Q: What do you notice in the change of results? Do you find that the feature augmentation of TF-IDF has helped the task you expected it to help? Do you find that the feature augmentaion of TF-IDF has hurt the task you expected it to hurt?

A: TODO - your answer here!

3) Beyond feature engineering - LSTMs

A bag-of-words style of representation combined with a classifier often misses the order of sentences. Given the following sentences, can you see how this may be problematic?

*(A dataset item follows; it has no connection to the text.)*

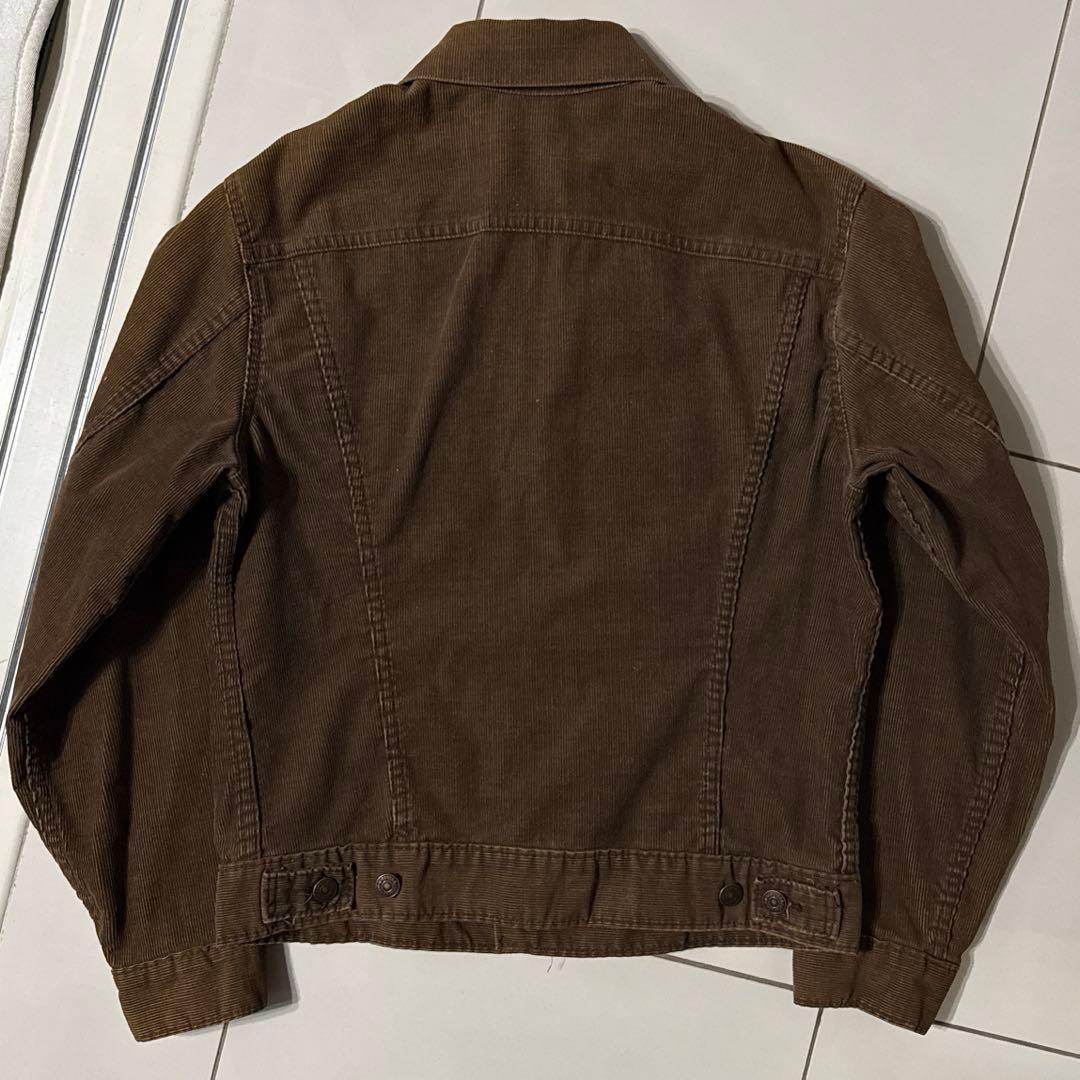 70s Levi's 70505 コーデュロイ ブラウン 38 BIGE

I went to the bank to take a swim.

I went to the bank to withdraw money.

The meaning of the token bank is modulated by its context. To overcome this problem you have seen in class that you could learn a vector space representation of the vocabulary, in which word representation are taught to be closer (through a cosine distance objective) according to the context window in which they are used. Even in this situation, the word's distributional semantics are limited by the window size.

Instead we can make the classifier take the input text as a sequence. This line of machine learning algorithms are called Recurrent Neural Networks (RNNs). One popular implementation of such algorithms that you will see next week are LSTMs (long-term short-term memory).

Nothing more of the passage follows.